A quantitative and constructive proof of Willems' Fundamental Lemma and its implications

TL;DR

This paper offers a new, constructive proof of Willems' Fundamental Lemma, introducing a quantitative PE notion and explicit bounds, with implications for data-driven control of linear systems.

Contribution

It provides a novel, constructive proof of Willems' Fundamental Lemma using a quantitative PE concept and generalizes PE results by highlighting the role of system zeros.

Findings

Introduces a quantitative directional PE notion.

Derives explicit PE lower bounds for data.

Generalizes PE results from adaptive control literature.

Abstract

Willems' Fundamental Lemma provides a powerful data-driven parametrization of all trajectories of a controllable linear time-invariant system based on one trajectory with persistently exciting (PE) input. In this paper, we present a novel proof of this result which is inspired by the classical adaptive control literature and differs from existing proofs in multiple aspects.
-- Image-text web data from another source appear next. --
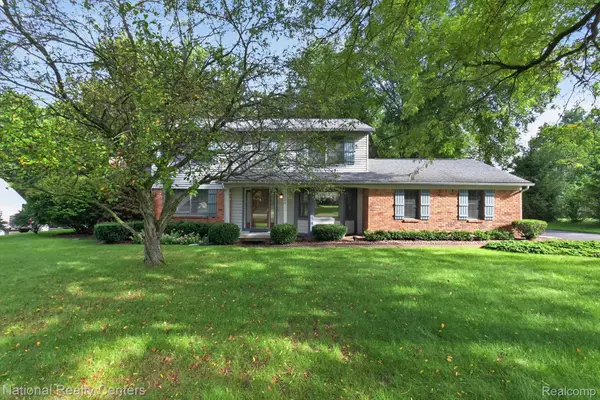 9321 Overdale Lane, Brighton, MI 48114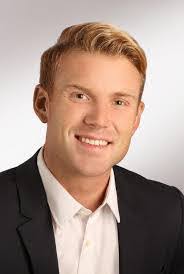 Alison Holguin's Instagram, Twitter & Facebook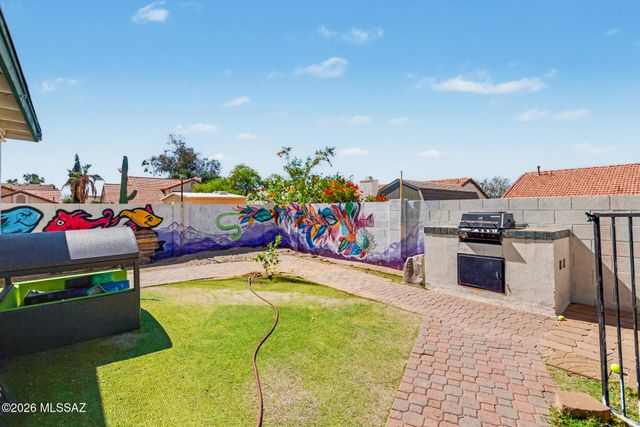 5070 W Warbler Street, Tucson, AZ 85742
The proof involves a quantitative and directional PE notion, allowing to characterize robust PE properties via singular value bounds, as opposed to binary rank-based PE conditions. Further, the proof is constructive, i.e., we derive an explicit PE lower bound for the generated data. As a contribution of independent interest, we generalize existing PE results from the adaptive control literature and reveal a crucial role of the system's zeros.